EXERCISE DIRECTIONS → Without the pictures, reproduce the records that follow exactly.

[[ DATA LISTING open ]]

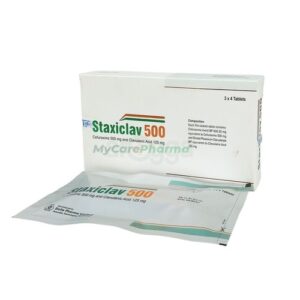 Staxiclav 500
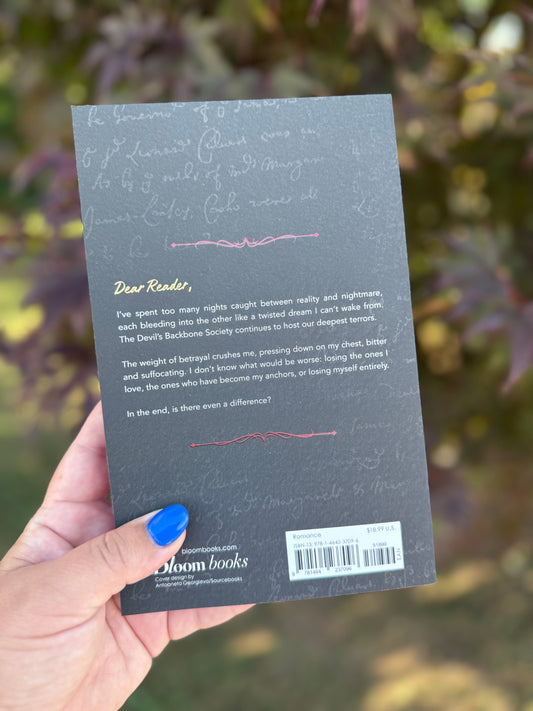 You're Next by Tate James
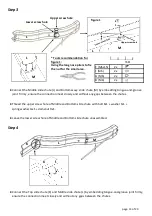 Предварительный просмотр 13 страницы SLIDEWHIZZER SWSL-03 Assembly Instructions Manual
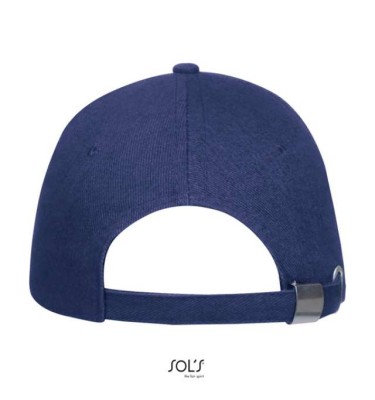 SOL'S BUFFALO - SIX PANEL CAP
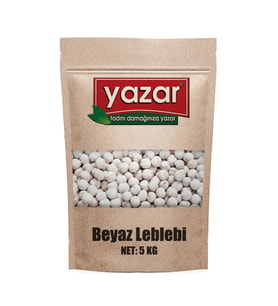 Beyaz Leblebi 5 Kg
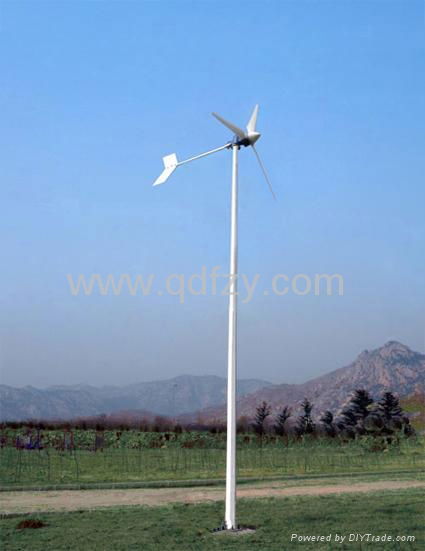 wind turbine FZY600W 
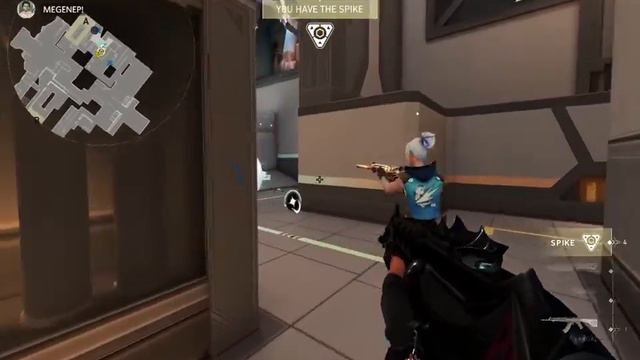 Valorant Gameplay #1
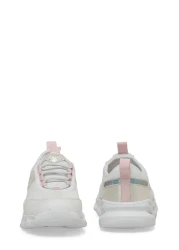 Kinetix SIRIUS LIGHT 4FX حذاء سهل الارتداء للفتيات باللون الأبيض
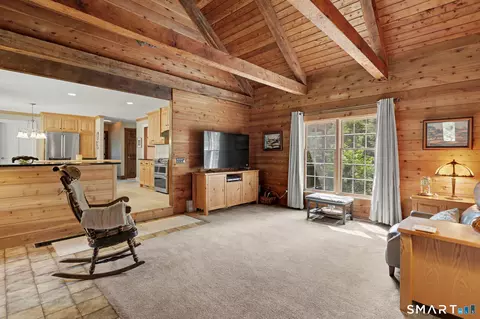 Living - 60 Rowledge Pond Rd, Monroe, CT 06468 photo 4 of 5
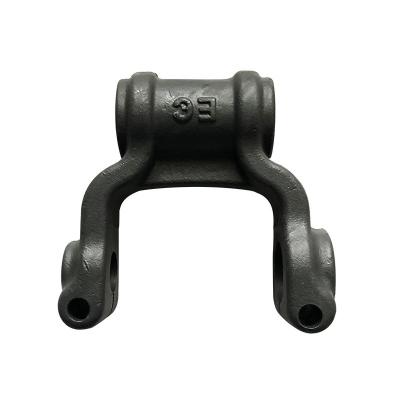 China Scania Truck FR Suspension Leaf Spring Shackle 1377739 for 2004-2012 Heavy Duty Truck for sale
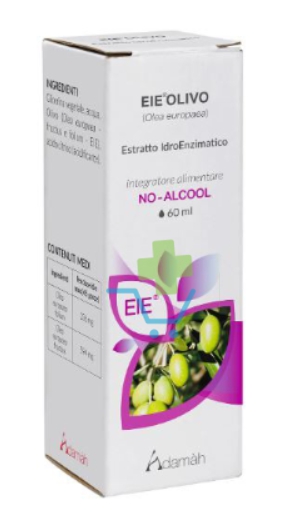 Adamah Eie Olivo 60ml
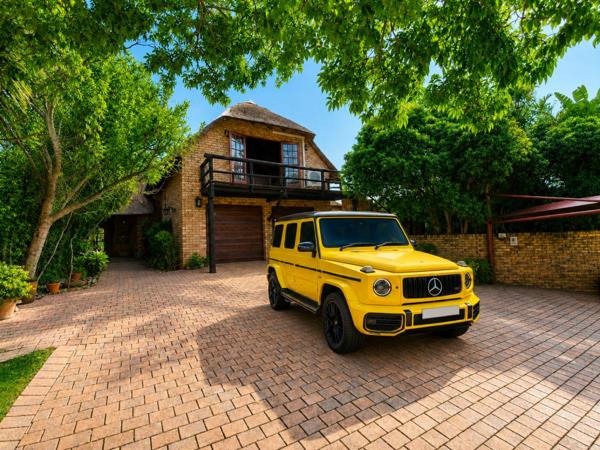 4 Bedroom House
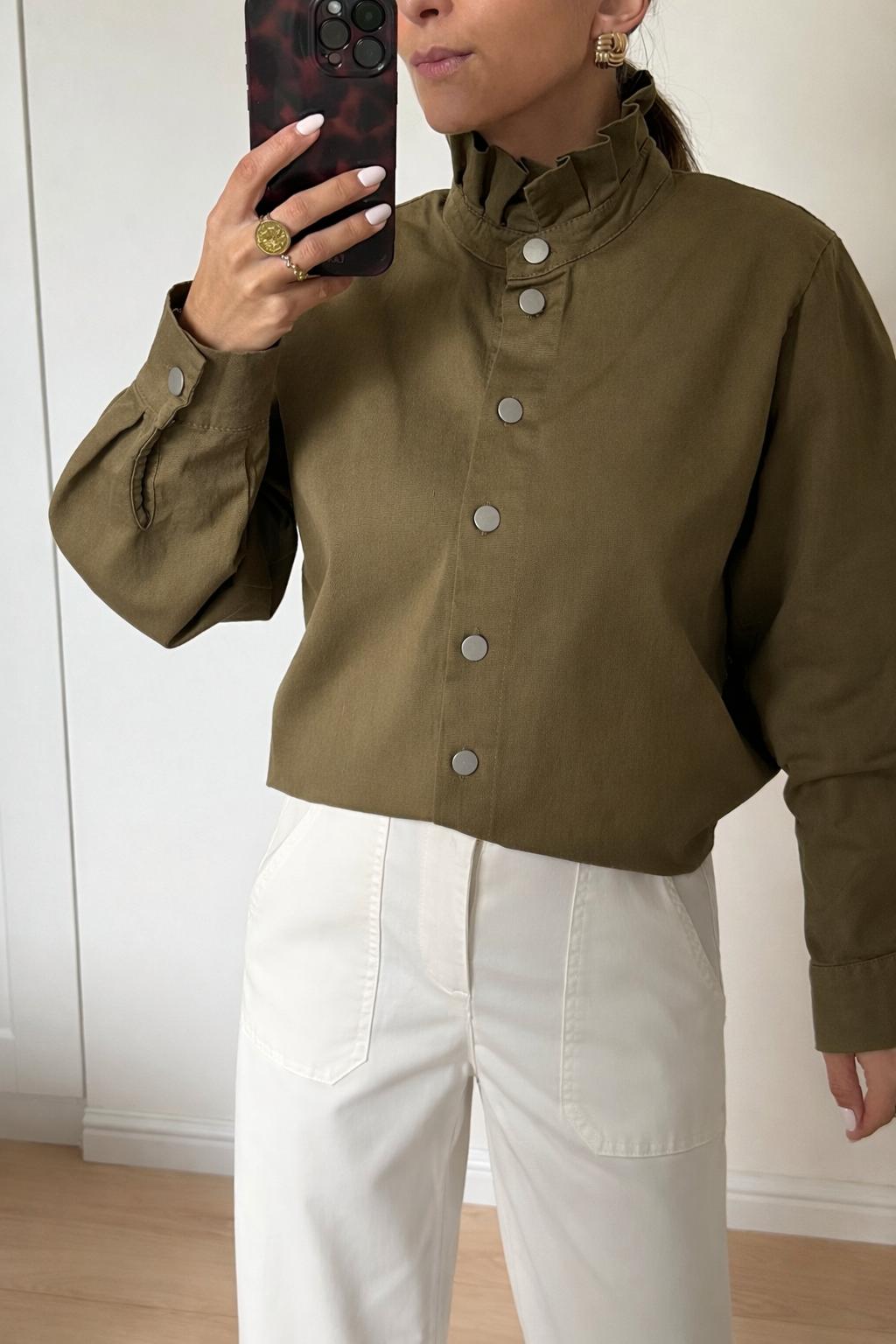 sobrecamisa malo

[[ DATA LISTING closed ]]

ANSWER SPACE →
 Staxiclav 500
 You're Next by Tate James
 Предварительный просмотр 13 страницы SLIDEWHIZZER SWSL-03 Assembly Instructions Manual
 SOL'S BUFFALO - SIX PANEL CAP
 Beyaz Leblebi 5 Kg
 wind turbine FZY600W 
 Valorant Gameplay #1
 Kinetix SIRIUS LIGHT 4FX حذاء سهل الارتداء للفتيات باللون الأبيض
 Living - 60 Rowledge Pond Rd, Monroe, CT 06468 photo 4 of 5
 China Scania Truck FR Suspension Leaf Spring Shackle 1377739 for 2004-2012 Heavy Duty Truck for sale
 Adamah Eie Olivo 60ml
 4 Bedroom House
 sobrecamisa malo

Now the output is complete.